Charles Schwab's daughter shares the investing advice her father gave her in her 20s
Chip Somodevilla/Getty; Courtesy of Carrie Schwab
The company didn't take off right away.
"My dad was a struggling businessman really until my mid-20s," his daughter Carrie Schwab-Pomerantz told Business Insider. "I was 14 when he started Schwab, but it didn't really become the company people know until well into my 20s, when it was sold to Bank of America [in 1983]."
Right around the time the firm started taking off - today, it has $2.56 trillion in client assets and Charles Schwab himself has an estimated net worth of $6.2 billion - Carrie Schwab-Pomerantz was a typical 20-something, unsure how to invest her money.
"When I opened up my first IRA [individual retirement account], I asked him for advice," she tells Business Insider. "He said, 'Pick a mutual fund - pick a couple - and you'll be fine. Just participate in the market.'"
A mutual fund is a collection of securities like stocks and bonds. Funds are very diverse, typically owning hundreds of different stocks, which means your risk is spread out. With a mutual fund or funds, if one investment should go into decline, it won't necessarily tank your entire portfolio.
"He really believes in making investing simple," Schwab-Pomerantz, now a certified financial planner and author of "The Charles Schwab Guide to Finances After Fifty," tells Business Insider. "He's never trying to pick the hot stock. He's all about diversification and participating in the markets."
Experts such as Warren Buffett, John Bogle, and Charlie Munger agree that low cost index funds (a type of mutual fund pegged to a specific market index) are the best way for the average person to invest.

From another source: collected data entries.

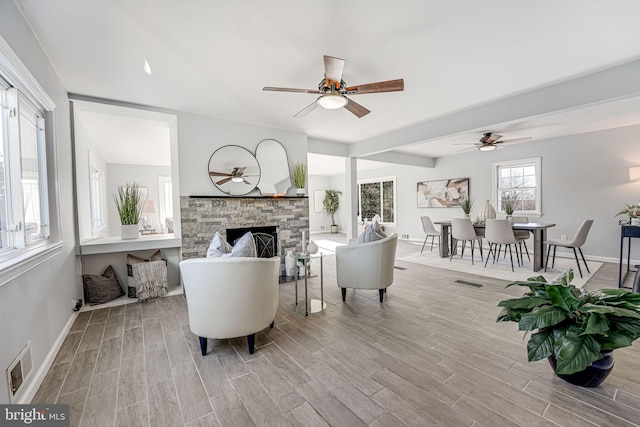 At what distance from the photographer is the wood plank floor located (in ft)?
5.12

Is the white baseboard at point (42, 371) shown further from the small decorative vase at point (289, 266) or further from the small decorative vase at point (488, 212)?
the small decorative vase at point (488, 212)

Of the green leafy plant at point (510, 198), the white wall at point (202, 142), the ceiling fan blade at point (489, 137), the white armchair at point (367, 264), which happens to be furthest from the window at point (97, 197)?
the green leafy plant at point (510, 198)

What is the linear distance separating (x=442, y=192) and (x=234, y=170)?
5.91 metres

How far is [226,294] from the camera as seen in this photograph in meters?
2.10

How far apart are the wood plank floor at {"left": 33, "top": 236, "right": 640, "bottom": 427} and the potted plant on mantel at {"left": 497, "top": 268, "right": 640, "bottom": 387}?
0.24m

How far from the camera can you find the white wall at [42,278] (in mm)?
1572

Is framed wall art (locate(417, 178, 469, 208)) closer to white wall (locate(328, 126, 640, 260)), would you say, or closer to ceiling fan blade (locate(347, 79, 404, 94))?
white wall (locate(328, 126, 640, 260))

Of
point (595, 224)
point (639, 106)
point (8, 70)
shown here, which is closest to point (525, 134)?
point (639, 106)

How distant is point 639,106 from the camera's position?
12.6 feet

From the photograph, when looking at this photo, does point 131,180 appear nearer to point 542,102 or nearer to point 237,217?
point 237,217

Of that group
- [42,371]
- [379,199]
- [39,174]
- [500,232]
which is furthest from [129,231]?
[379,199]

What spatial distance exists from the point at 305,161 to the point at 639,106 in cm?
502

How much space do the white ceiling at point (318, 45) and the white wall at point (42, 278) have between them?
18 cm

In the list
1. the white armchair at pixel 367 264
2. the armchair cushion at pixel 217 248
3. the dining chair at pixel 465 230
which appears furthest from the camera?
the dining chair at pixel 465 230
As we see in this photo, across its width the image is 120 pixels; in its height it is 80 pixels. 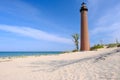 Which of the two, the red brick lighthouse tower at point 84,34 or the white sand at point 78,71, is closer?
the white sand at point 78,71

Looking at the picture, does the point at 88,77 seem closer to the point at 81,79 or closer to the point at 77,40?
the point at 81,79

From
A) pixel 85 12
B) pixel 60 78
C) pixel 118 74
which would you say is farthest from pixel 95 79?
pixel 85 12

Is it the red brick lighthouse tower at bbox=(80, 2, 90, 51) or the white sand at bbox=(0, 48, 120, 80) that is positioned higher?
the red brick lighthouse tower at bbox=(80, 2, 90, 51)

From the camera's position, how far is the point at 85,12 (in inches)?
977

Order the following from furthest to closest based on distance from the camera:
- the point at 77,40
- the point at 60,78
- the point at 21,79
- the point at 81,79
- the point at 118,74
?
the point at 77,40 → the point at 21,79 → the point at 60,78 → the point at 81,79 → the point at 118,74

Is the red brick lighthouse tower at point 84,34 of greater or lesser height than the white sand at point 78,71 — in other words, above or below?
above

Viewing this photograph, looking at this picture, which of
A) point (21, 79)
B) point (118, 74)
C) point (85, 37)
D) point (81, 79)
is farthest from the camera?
point (85, 37)

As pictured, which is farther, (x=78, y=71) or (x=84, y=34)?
(x=84, y=34)

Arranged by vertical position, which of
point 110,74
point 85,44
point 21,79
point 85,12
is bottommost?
point 21,79

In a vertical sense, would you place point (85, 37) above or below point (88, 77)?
above

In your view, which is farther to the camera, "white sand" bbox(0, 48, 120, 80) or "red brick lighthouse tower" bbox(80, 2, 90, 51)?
"red brick lighthouse tower" bbox(80, 2, 90, 51)

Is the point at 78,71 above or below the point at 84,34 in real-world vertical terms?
below

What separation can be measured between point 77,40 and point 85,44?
13659 mm

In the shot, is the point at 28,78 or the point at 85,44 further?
the point at 85,44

"A low-cost index fund is the most sensible equity investment for the great majority of investors," Buffett told Bogle in "The Little Book of Common Sense Investing." "By periodically investing in an index fund, the know-nothing investor can actually out-perform most investment professionals."
One option for investors looking to follow the advice of the pros is to open an account online with Bogle's company, Vanguard, and invest in their index funds, which charge relatively low fees (an average of 0.13%). Charles Schwab Corporation also offers index funds with relatively low fees.